“
BERKAHNYA SEDEKAH ”
Ramadhania
adalah gadis berusia 8 tahun, panggilan kesehariannya adalah Dhania. Dia gadis
yang sangat imut, lucu, dan cantik sekali. Namun dia gadis yang kurang beruntung.
Orang tuanya bermata pencaharian sebagai pekerja serabutan yang tidak mempunyai
penghasilan yang tetap. Dhania duduk dibangku kelas 2 SD, dia termasuk anak
yang baik, rajin, pintar, dan patuh serta selalu bersemangat untuk menuntut
ilmu.
Sepulang
sekolah dia selalu mencari pekerjaan apa saja yang dia bisa, untuk membantu
orang tuanya membayar biaya sekolah yang lama kelamaan nanti akan semakin
mahal, apalagi Dhania bersekolah di SD Swasta.
“Bu aku berangkat sekolah dulu ya” suara
mungilnya menghampiri ibunya yang sedang mengumpulkan cucian tetangga sembari
tangan mungilnya itu mencium tangan ibunya.

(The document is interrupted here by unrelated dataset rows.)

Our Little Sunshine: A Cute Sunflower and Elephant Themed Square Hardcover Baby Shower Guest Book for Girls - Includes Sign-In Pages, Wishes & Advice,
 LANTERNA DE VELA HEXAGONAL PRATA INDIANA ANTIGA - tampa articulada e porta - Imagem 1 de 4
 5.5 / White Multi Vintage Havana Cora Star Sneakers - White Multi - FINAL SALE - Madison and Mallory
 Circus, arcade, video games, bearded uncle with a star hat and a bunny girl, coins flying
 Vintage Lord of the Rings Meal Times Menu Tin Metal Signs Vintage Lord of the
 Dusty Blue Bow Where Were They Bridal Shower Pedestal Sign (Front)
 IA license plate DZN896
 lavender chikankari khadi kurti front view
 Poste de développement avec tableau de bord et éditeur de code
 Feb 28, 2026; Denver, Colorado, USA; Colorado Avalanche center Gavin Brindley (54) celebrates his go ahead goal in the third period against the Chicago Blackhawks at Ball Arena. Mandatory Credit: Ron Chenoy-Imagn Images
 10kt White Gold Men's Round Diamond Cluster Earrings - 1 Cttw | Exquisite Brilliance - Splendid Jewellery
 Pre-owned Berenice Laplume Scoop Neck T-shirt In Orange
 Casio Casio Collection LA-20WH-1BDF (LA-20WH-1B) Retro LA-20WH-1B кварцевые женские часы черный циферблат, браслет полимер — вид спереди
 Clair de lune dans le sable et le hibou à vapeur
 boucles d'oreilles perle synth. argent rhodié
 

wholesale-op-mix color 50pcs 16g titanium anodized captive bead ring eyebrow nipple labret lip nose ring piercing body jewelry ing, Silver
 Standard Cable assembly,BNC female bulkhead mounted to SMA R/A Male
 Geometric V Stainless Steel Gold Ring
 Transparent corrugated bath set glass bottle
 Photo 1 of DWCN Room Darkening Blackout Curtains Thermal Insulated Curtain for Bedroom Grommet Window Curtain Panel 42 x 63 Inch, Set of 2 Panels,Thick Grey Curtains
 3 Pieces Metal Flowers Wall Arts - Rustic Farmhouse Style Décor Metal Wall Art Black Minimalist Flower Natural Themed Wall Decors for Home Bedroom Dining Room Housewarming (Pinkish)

“Iya, hati-hati di jalan ya Nia,
belajarlah yang benar ya nak” jawab ibunya sembari mengelus kepala anaknya yang
cantik itu.
“Iya, pasti ibu !” ujar Dhania penuh
dengan semangat, seperti semangat 45.
Kaki kecilnya itu berjalan menyelusuri
sawah yang becek, rawa-rawa yang gelap dan seram serta sungai yang sedang surut
airnya dan banyak bebatuan di sana, sungguh besar sekali perjuangan keras gadis
kecil itu untuk menuju sekolahnya.
SD
Semangat 45, adalah sekolah yang belum terjamah oleh pemerintah, Jauh dari
perbaikan, atapnya saja terbuat dari kayu yang terlihat sudah reot sekali. Sekolah
itu sangatlah tidak layak pakai dan saat musim hujanpun sekolah terpaksa untuk
diliburkan, karena biasanya kelas-kelas nya bocor akan air hujan dan bisa juga
sekolah roboh karena angin yang kencang.
Di
kelas Dhania adalah siswi yang sangat aktif dan cerdas serta pintar sekali, tetapi dia agak pendiam, dia mendapatkan
peringkat pertama di kelas semester pertama dan kenaikan kelas 2 kemaren
.
“Dhania, ikut ibu dulu nak ke kantor”
ucap Bu Ineke.
“Iya bu” jawab Dhania.
Tiba
di ruang kantor guru, Dhania duduk dikursi yang sudah usang dan reot itu.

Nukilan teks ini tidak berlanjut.